We can read more about rolling-deployments here.

We can add this configuration in original deployment manifest.

apiVersion: v1
kind: Deployment
metadata:
  name: test-staging
  labels:
    app: test-staging
  namespace: test
spec:
  replicas: 2
  minReadySeconds: 50
  revisionHistoryLimit: 10
  strategy:
    type: RollingUpdate
    rollingUpdate:
      maxUnavailable: 50%
      maxSurge: 1
  template:
    metadata:
      labels:
        app: test-staging
    spec:
      containers:
      - image: <your-repo>/<your-image-name>:latest
        name: test-staging
        imagePullPolicy: Always
       env:
        - name: POSTGREs_HOST
          value: test-staging-postgres
        - name: APP_ENV
          value: staging
        - name: CLIENT
          value: test
        ports:
        - containerPort: 80
        readinessProbe:
          httpGet:
            path: /health_check
            port: 81
          periodSeconds: 5
          successThreshold: 3
          failureThreshold: 2
      imagePullSecrets:
        - name: registrykey

Let’s launch this deployment using the command given below and monitor the rolling deployment.

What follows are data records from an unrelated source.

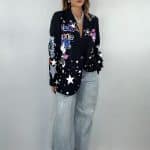 Blazer Over - Minnie- Well Done - Image 5
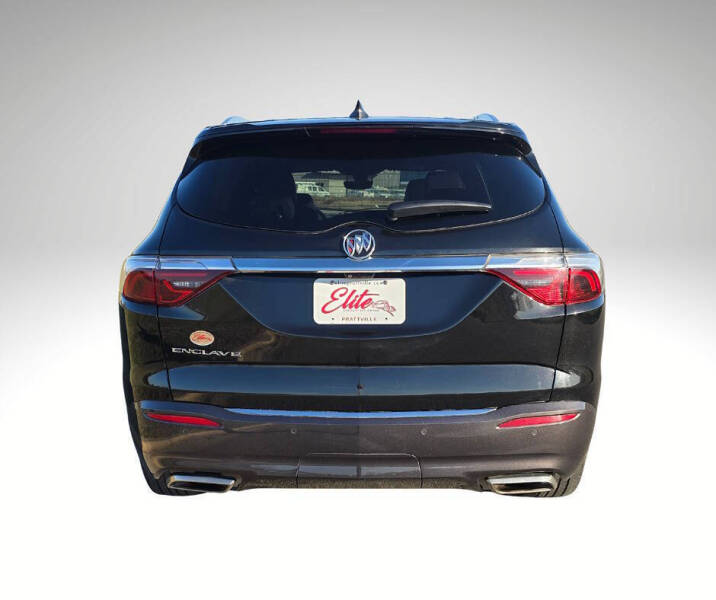 2024 Buick Enclave Premium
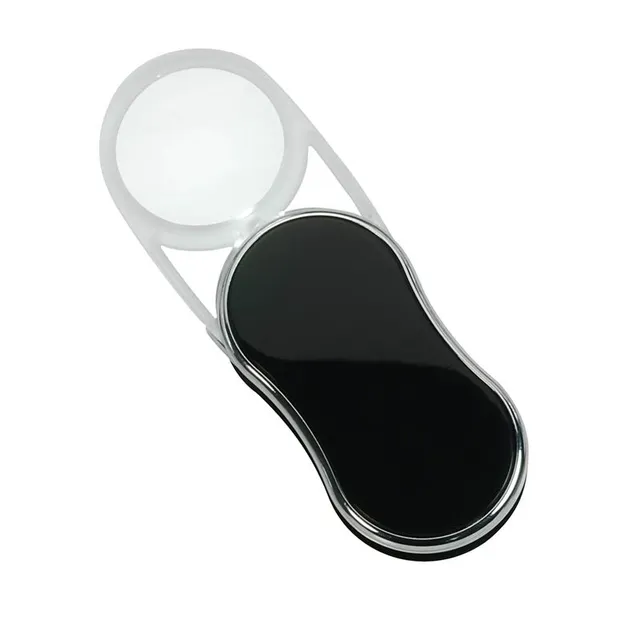 ecobra-led-einschlaglupe-35-mm-3x-klavierlack-optik image 1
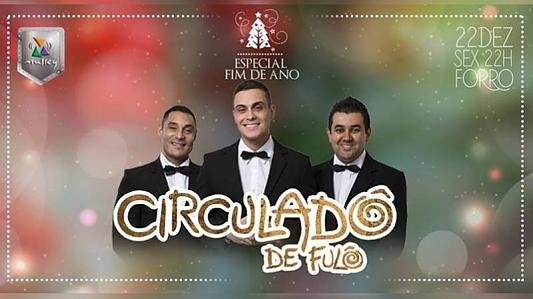 Circuladô de Fulô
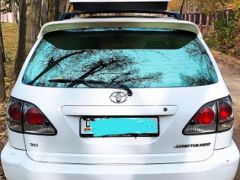 Photo of the vehicle Toyota Harrier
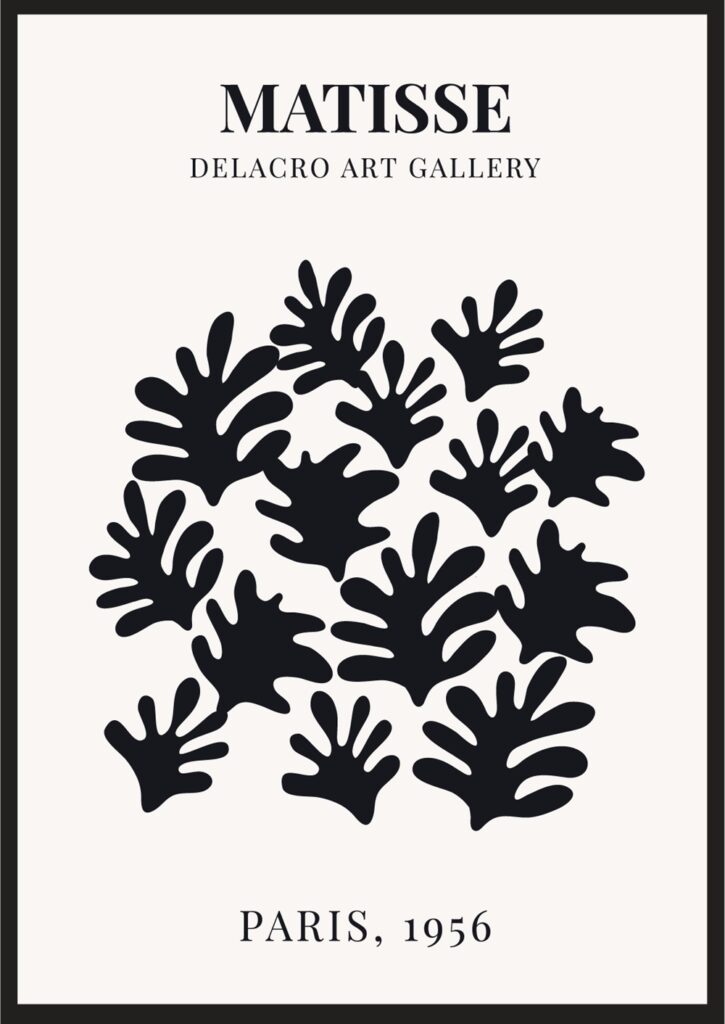 Quadro Matisse HM (14)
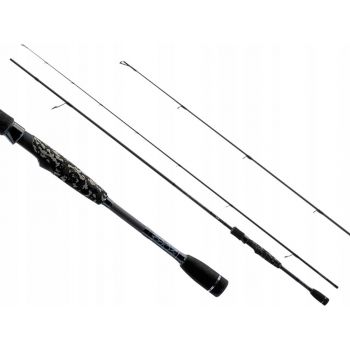 WĘDKA JAXON GREY STREAM 2,10m 5-23g SPINNING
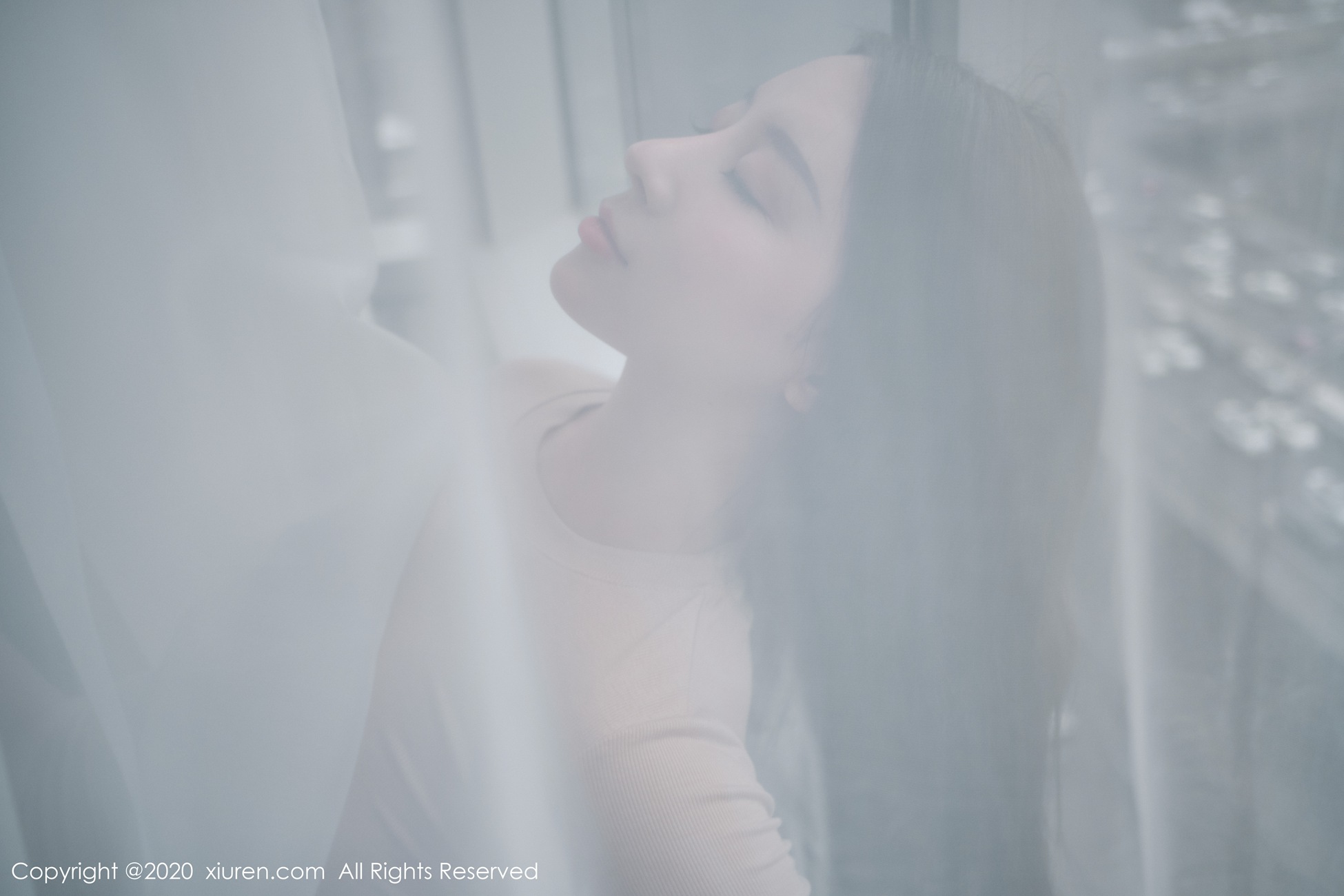 图片[25]-[XIUREN绣人网] 2020.04.02 No.2124 筱慧 [62P] – 速更版-美库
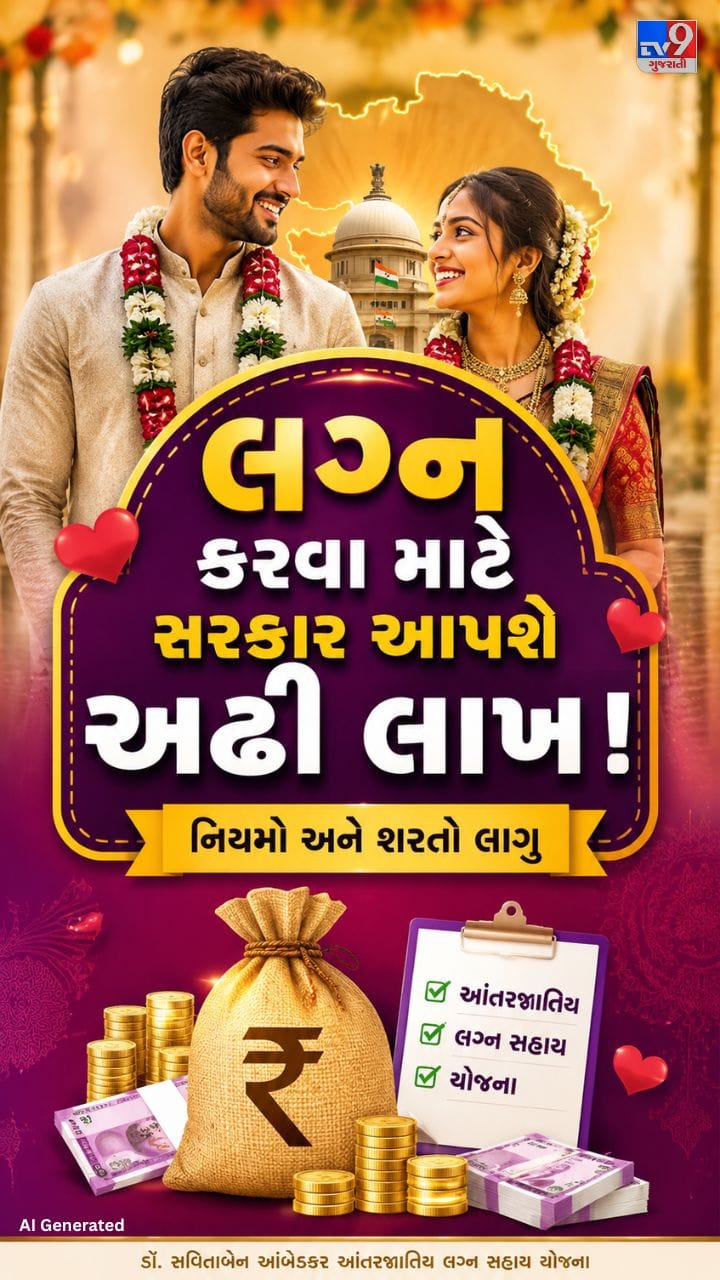 કોણ પાત્ર? કેવી રીતે કરશો અરજી?
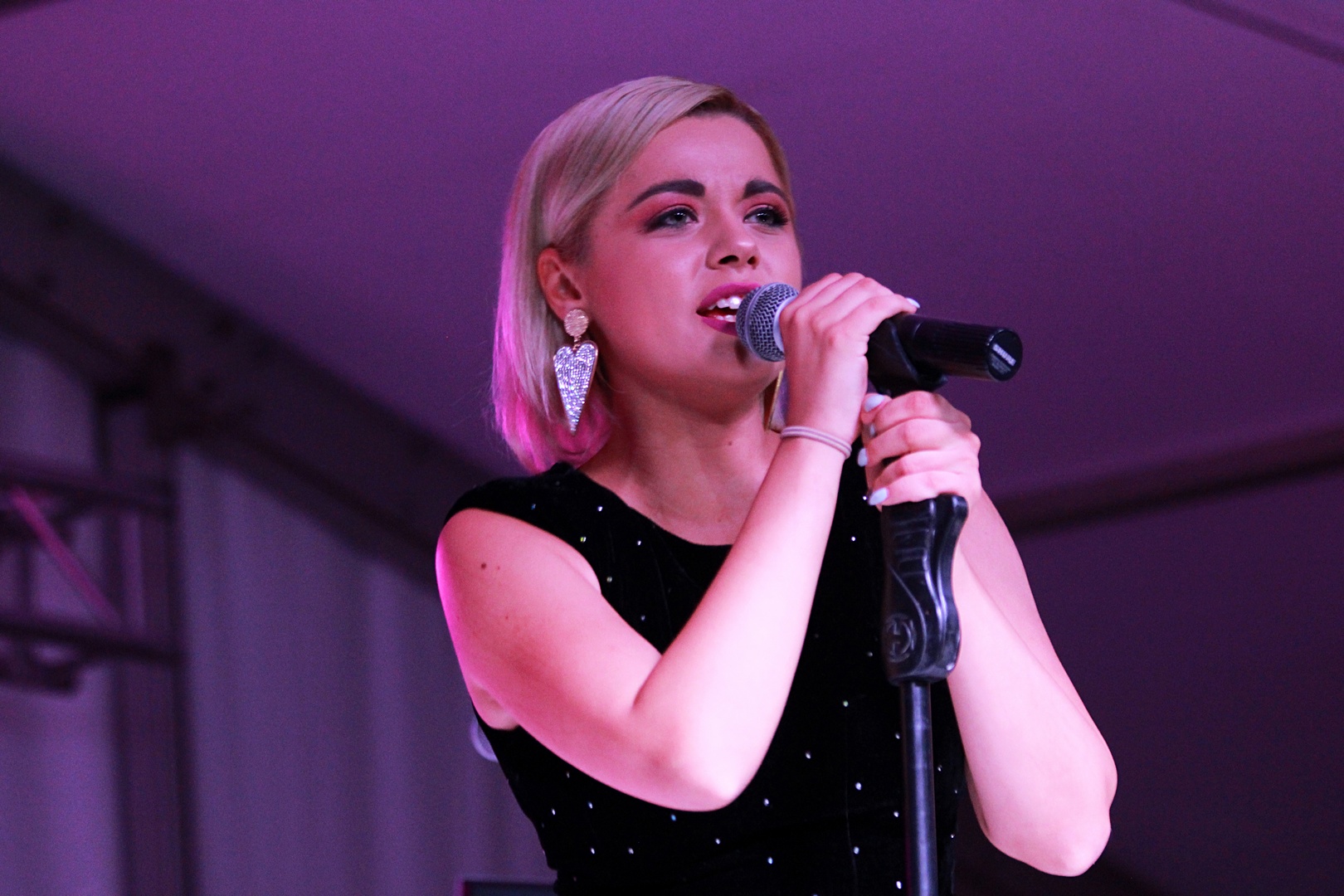 Koncert Magazina u Svetom Martinu na Muri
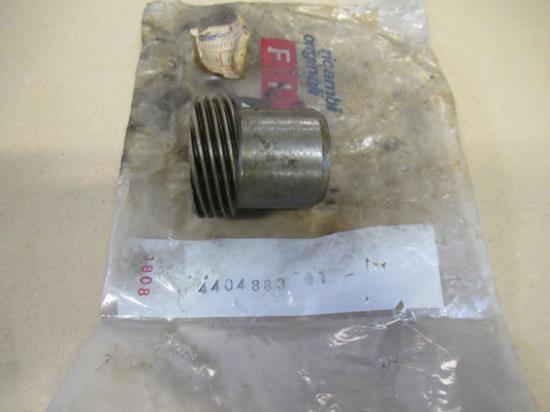 4404883 Kilometerteller tandwiel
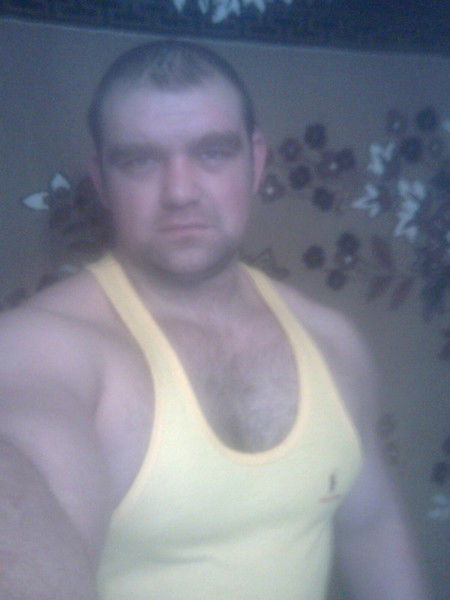 Виталий Морозов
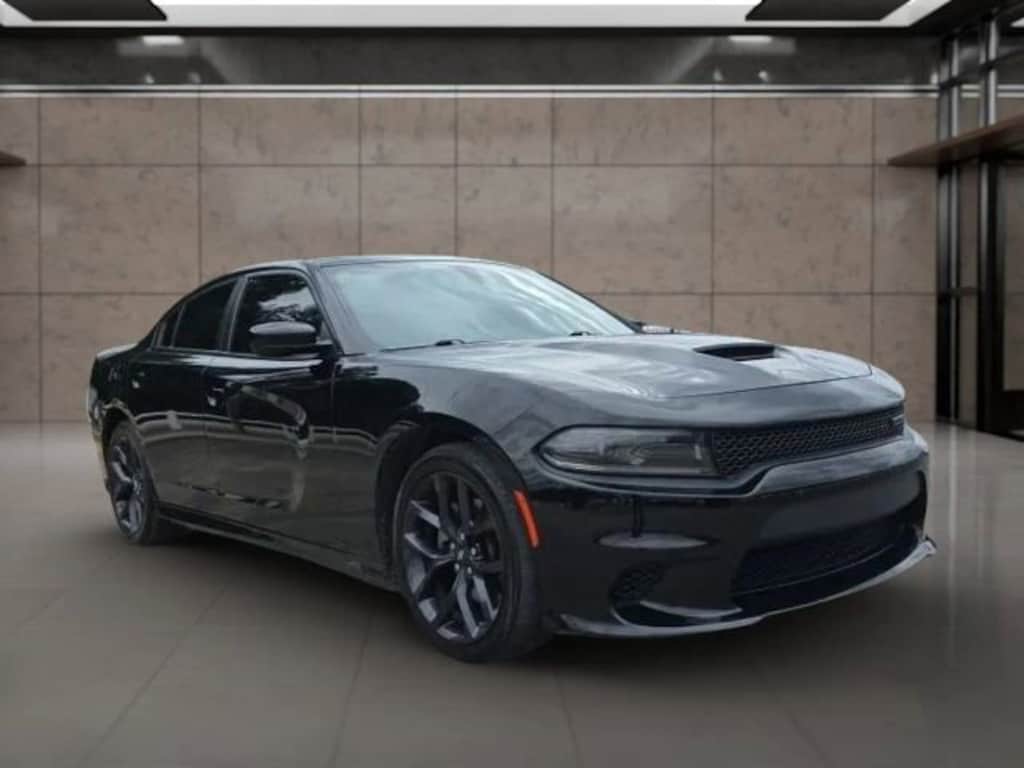 Used 2023 Dodge Charger GT Sedan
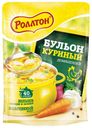 Бульон куриный «Роллтон» по-домашнему, 100 г
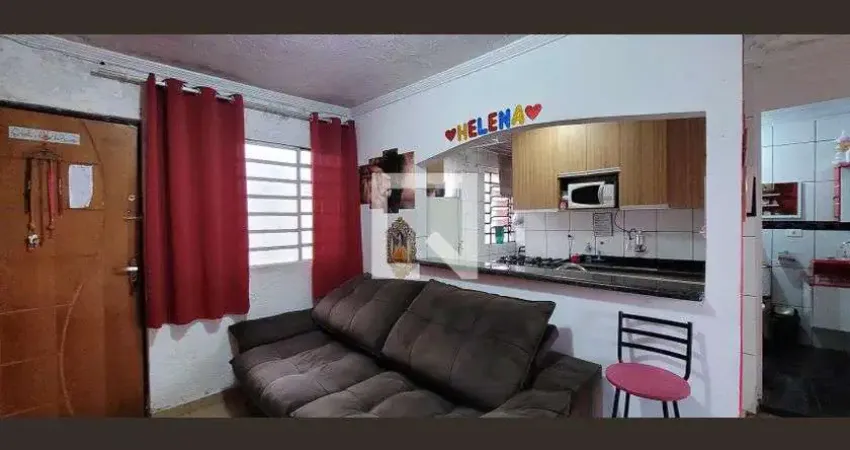 Apartamento para Aluguel - Vila Arizona, 2 Quartos, 55 m² - Itaquaquecetuba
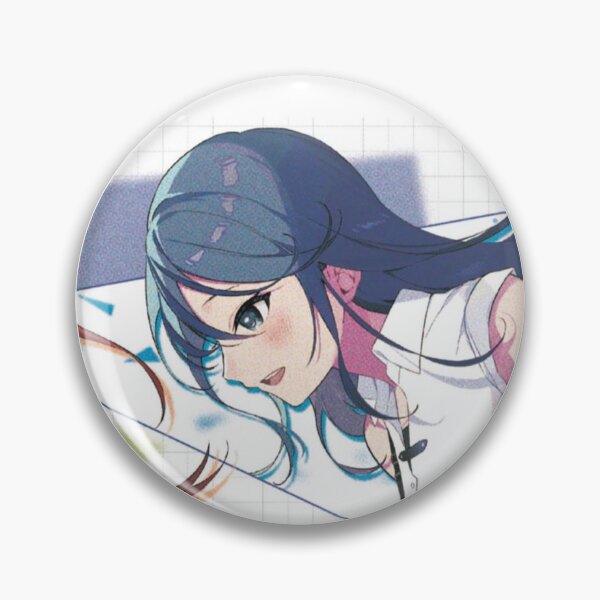 Item preview, Ichika Hoshino designed and sold by Lauwuuh.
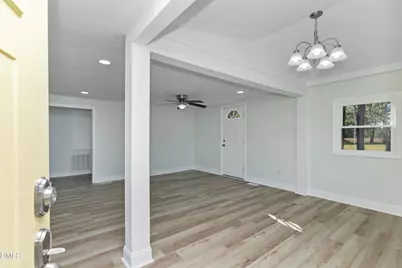 1340 George Perry Lee Road, Dunn, NC 28334 - Photo 11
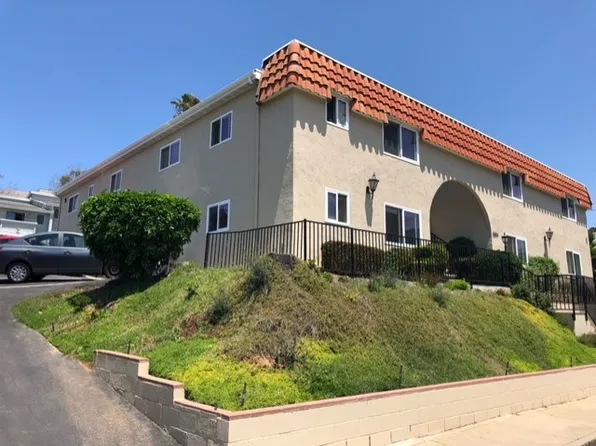 5844 Riley St APT 1, San Diego, CA 92110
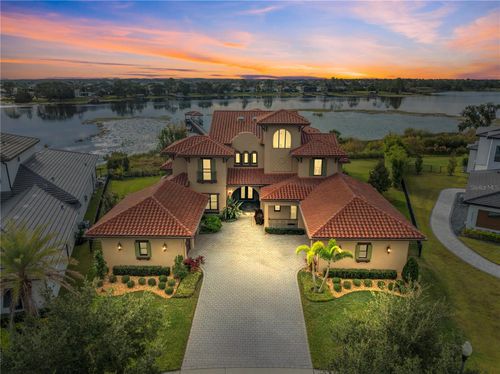 6621 Point Hancock Dr, WINTER GARDEN, FL, 34787-8769 | Card Image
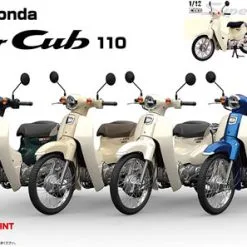 Honda Super Cub 110 (Classical White) - Fujimi -Cars - Plastic Models Sales honda super cub 110 classical white fujimi w1200 h1200 fee8325797fe3a3f51f47689cc30c6a5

$ kubectl apply -f test-deployment.yml
deployment "test-staging-web" configured

After the deployment is configured we can check the pods and how they are restarted.

We can also access the application to check if we face any down time.

$ kubectl  get pods
    NAME                                  READY      STATUS  RESTARTS    AGE
test-staging-web-372228001-t85d4           1/1       Running   0          1d
test-staging-web-372424609-1fpqg           0/1       Running   0          50s

We can see above that only one pod is re-created at the time and one of the old pod is serving the application traffic. Also, new pod is running but not ready as it has not yet passed the readiness probe condition.

After sometime when the new pod is in ready state, old pod is re-created and traffic is served by the new pod. In this way, our application does not suffer any down-time and we can confidently do deployments even at peak hours.